# Lipizzaner Stallion Show in Danville, IL



## Creampuff (Dec 1, 2010)

It's _The "World Famous" Lipizzaner Stallions_! 8D 

I just recently found out that a Lipizzaner stallion show is coming to Danville! They'll be at the David S. Palmer Civic Center. My boss and I got tickets from Larry, who hosts/owns a radio station, as a gift for us being so courteous to him while he was taking riding lessons with us. 

Tickets are $23.50 and, to my knowledge, for sale now. Is anyone here going?  I'll be taking loads of pictures!

*Date:* 11 February (Friday) 
*Time*: 7:30 PM 
Check it out! Visit the website at: palmerarena.com


----------



## musicalmarie1 (Dec 8, 2010)

My mom has wanted to see the Lippizzans for YEARS, and when she found out they were looping through Alabama she was super excited and got tickets-- I couldn't go with because of a church thing. 

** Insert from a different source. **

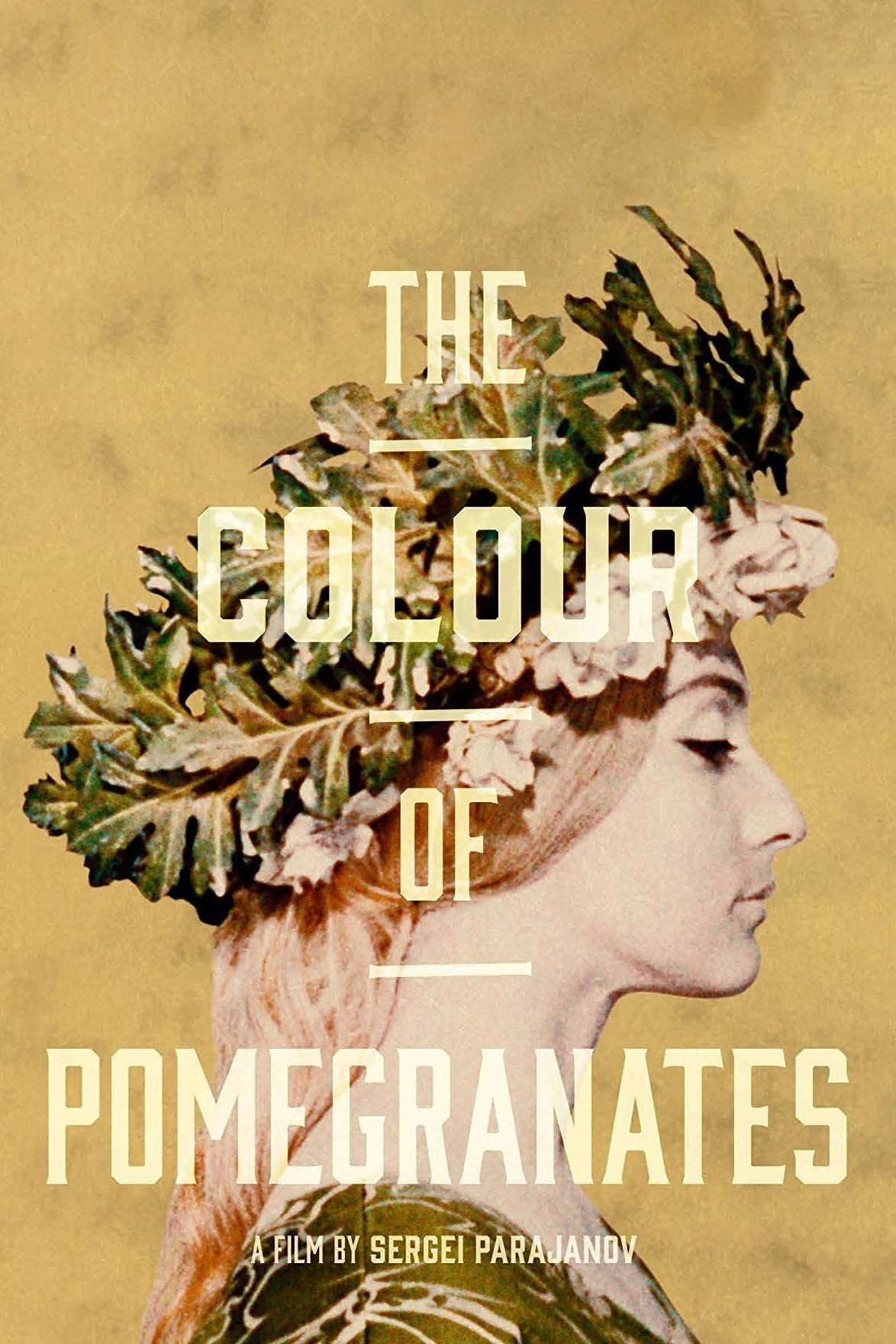 The Color of Pomegranates - Sergei Parajanov · 1969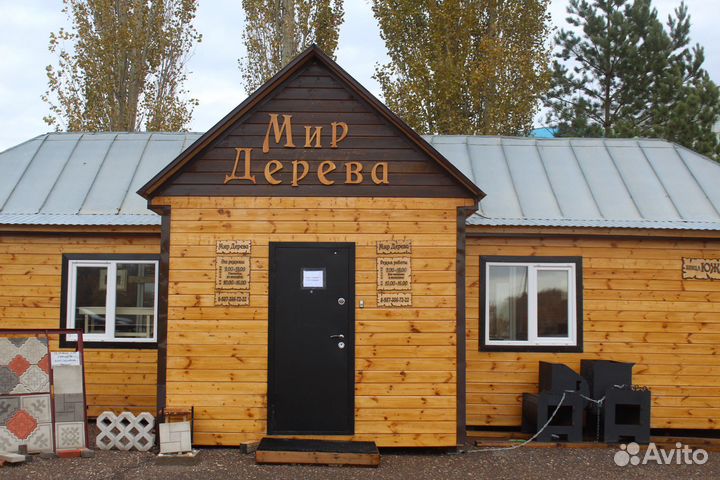 Вагонка липа для бани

Maybe she had hyped it up too much after watching youtube vids, but she wasn't all that impressed. They spent the first hour and a half going over the different moves that the horses can do, and then had an intermission. The next half was the horses all moving together, like a dance, but they only did one, 30 minute segment and then it was over. She wanted to see more of all the horses moving together with synchronized movements. She thinks that maybe it was because there wasn't a very huge crowd, and that maybe in cities where they're more popular they do a more involved show. 

I hope the one near you is more enjoyable!!


----------